After we got back from vacation it was mid-September and time to get cracking again. We were done with the north side of the quarry, but now we had a bunch of rocks left over. Can't let good rocks go to waste. Hmmmmmmmmm.... but what could we do next?
Time to CAC.......Create A Crisis. Here we go again. I decided I didn't like the barn where it was sitting. Yes, we had moved the barn once already to get it out of the way of the Quarry construction. But where the barn was placed now was causing problems with photography, it seemed as if every picture taken from whatever angle had the barn in it. We had two more wedding parties come for pictures in 2004, and no matter where they stood, the barn was in the picture.
|Joel's Aerial Windmill View 2004|
|Panoramic picture, July 2004|
|Rerun picture from 2001 when we moved the barn the first time. Same trailer, same people, same dumb job.|
We jacked the barn up off it's concrete slab foundation, stuffed the trailer under it and hauled it out backward. Then we picked up all the broken concrete slabs and moved them to the new location, over by the windmill. After the makeshift foundation was in place, we towed the barn to its next new home. (The poor barn was destined to remain there for a few years, until we moved it yet AGAIN in 2009. More on that to come...suffice it to say, Joel is not a fan of my barn-moving requests.)
Here is the barn before the move:
And below, is how it looked after the move.
Though it is hard to see, the barn in it's new setting is near the middle of the right-hand side of the picture above.
|Aerial shot, November 2004--barn gone and start of the escarpment on right.|
And here is the start of the Next Thing.......the Escarpment:
Now that the barn was gone, we were free to put in the next part of the garden...what we call the Escarpment, which is basically just a free-standing stone formation. We thought it would tie into the Quarry and make it look more natural; plus we had so many nice stones leftover. At least we thought we did....

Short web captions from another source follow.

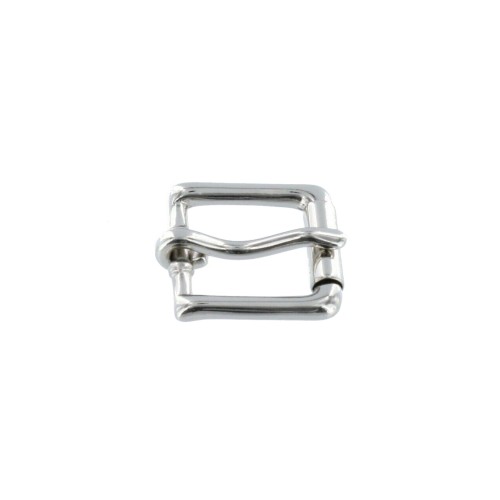 Buckle BG-6231 19mm (Nickel)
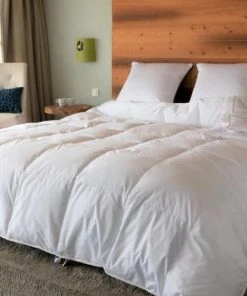 Castex Couette Naturelle 2 En 1 Gonflante En Duvet Et Coton Bio 260x240 Cm 8 Castex Couette Naturelle 2 En 1 Gonflante En Duvet Et Coton Bio 260x240 Cm -Boutique Maisons du Monde couette naturelle 2 en 1 gonflante en duvet et coton bio 260x240 cm 1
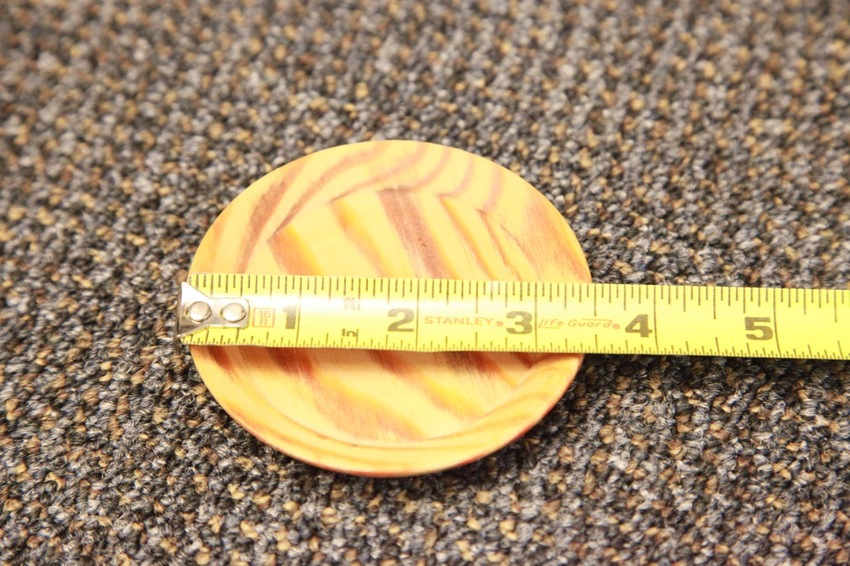 3.5" Size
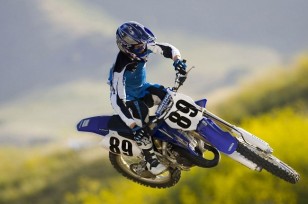 Motocross
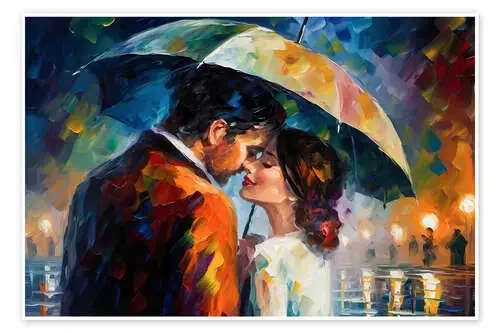 Forever Love I de Mark Ashkenazi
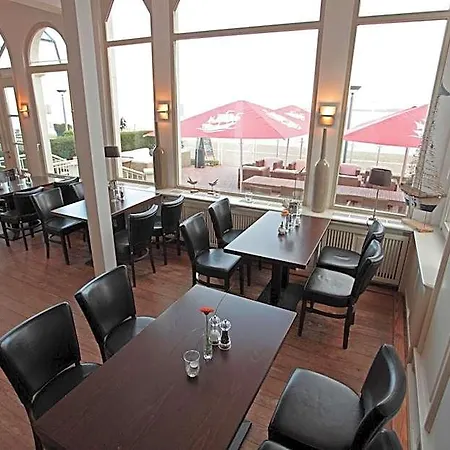 Lieblingsplatz Strandperle Hotel 3*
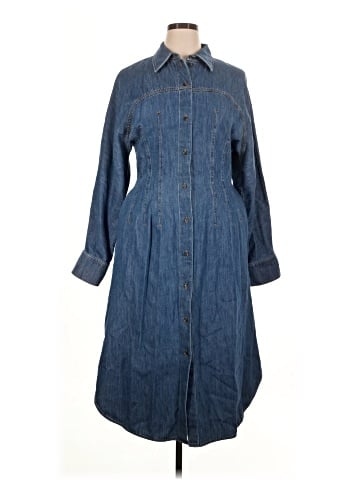 Cos Casual Dress (view 1)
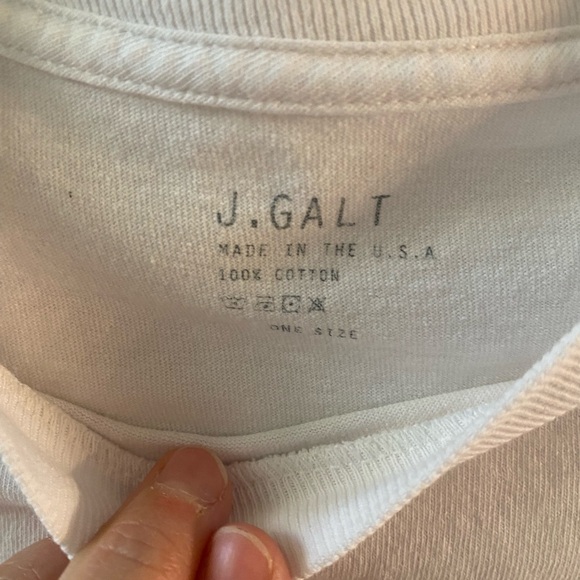 Newport Beach 1984 top - Picture 2 of 4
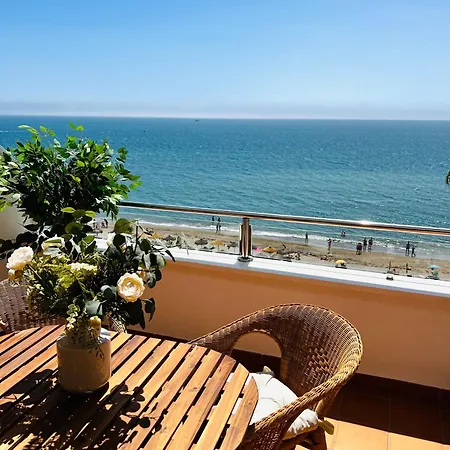 La Roca Frente Al Mar Sinese Design Homes Apartamento *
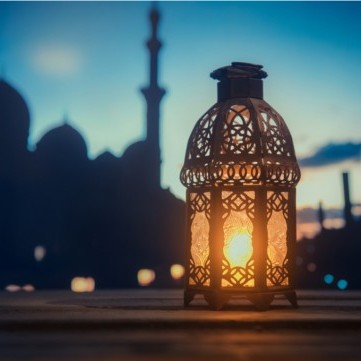 التخلص من عاداتنا السيئة واتباع نظام صحي في شهر رمضان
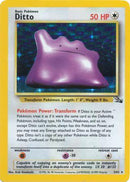 Ditto (3/62) [Fossil Unlimited] - Destination Retro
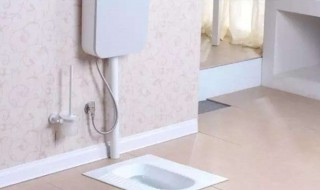 蹲便厕所堵了用什么通最方便最快 蹲便厕所堵了要怎样通最方便最快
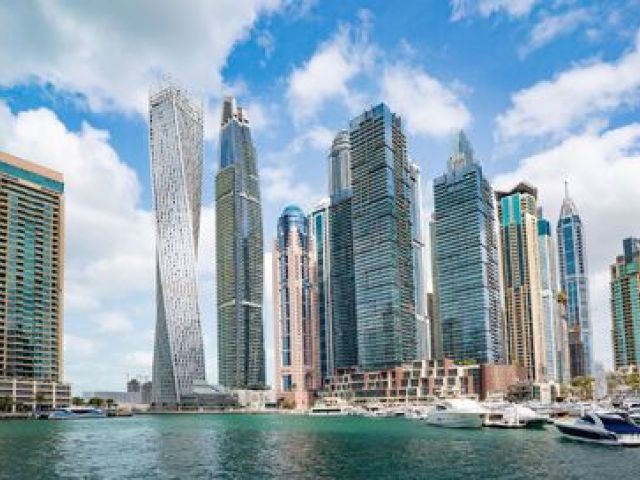 Antalya Çıkışlı Dubai & Legoland Turu
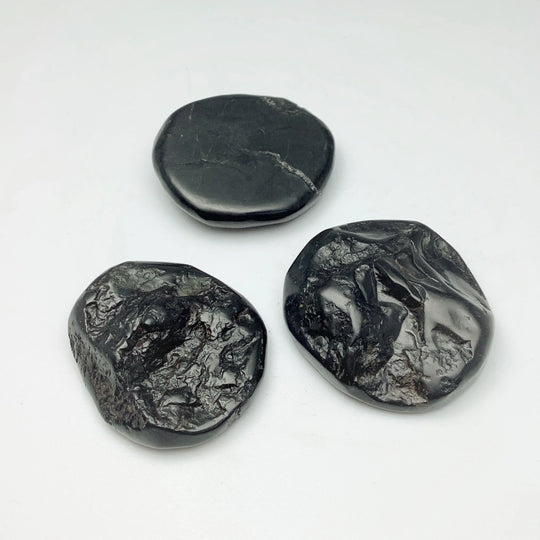 Shungite Touch Stone - Rocks and Gems Canada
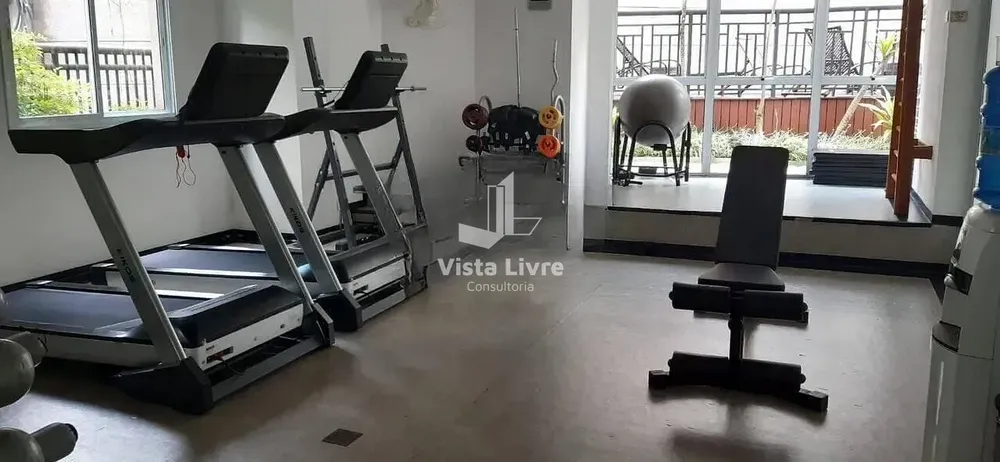 Apartamento, 2 quartos, 65 m² - Foto 4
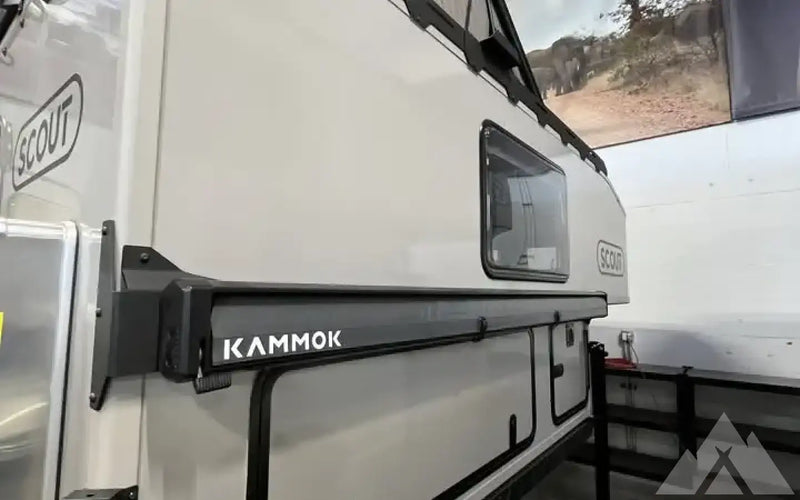2025 Scout Campers kenai — new for sale in Salt Lake City, UT (photo 2) — photo 2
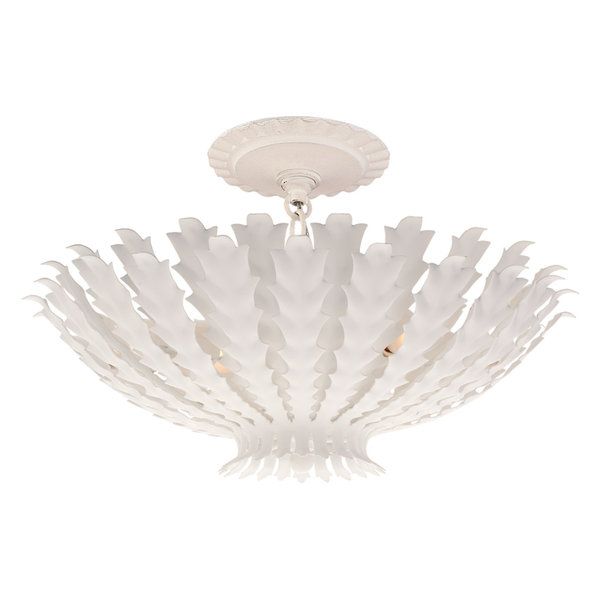 Small White Chandeliers the Perfect Addition to any Room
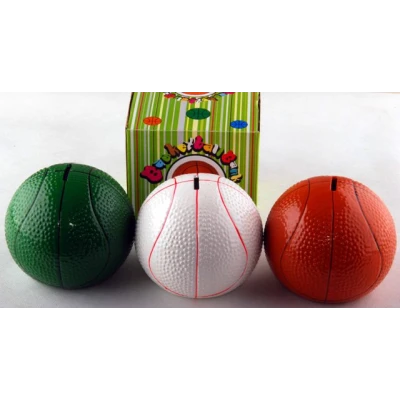 MONDEX-SKARBONKA *PIŁKA* DTS141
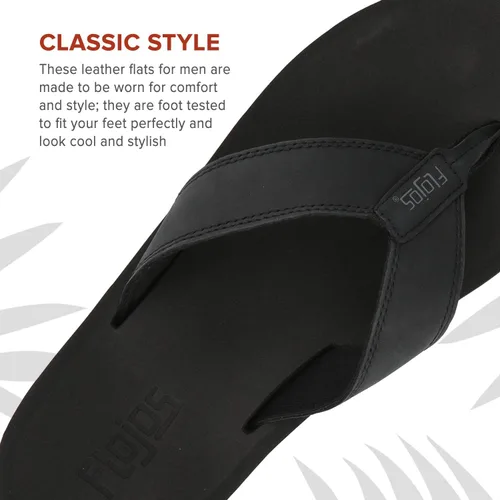 Vista 5 de Flojos Chanclas Cole2.0 para hombre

We got about this far, as seen in the picture above, before we realized we were running out of stone once again! I ever so cautiously called C, gee, this was twice in one year.....and asked him if he could maybe, sort of, um, please? get us some more rock? Loading stone this size is not easy on anyone's equipment and even though his machinery was more than big enough to handle the job, the stone wears out teeth on buckets really fast, too. (He is such a good sport.)
Luckily for us, he wasn't too busy and agreed to go to the quarry again. This time, C hired a rock hauling semi-tractor trailer to bring in the stone. Oh, what a difference it was seeing this rock come in!
|We've hit the big time now, it's a semi!! November 2004|
|The nice big semi brought us six more loads|
Joel stayed home from school that morning just to see the first load tipped out of the truck. The earth definitely moved again.
|Heads up! Rockslide!|
|In this picture, you can see the box much better...this is what is known as a 'rock box'...the bottom is reinforced and the side are rounded so rocks come out more easily without getting wedged in the truck.|
|Carl, age 46, outstanding on one of the six piles of new rock. November 2004|
Once again, while the guys were at work and school, I was out in the field, sorting stones by size into pallets and tossing the smaller stuff into the trailer. I had no need for extra exercise while doing this sort of work; though I have never been thin, there's something about throwing rocks around all day that builds muscle. (I need to get back to throwing rocks!) When Carl and Joel came home from work and school, we went back to work placing stone for the Escarpment.
|Late November 2004. As far as we would get with the Escarpment.|
Finally, the weather started turning colder again, it was late November and time to quit for the season once more.
Time to head into the house and get ready for Christmas 2004.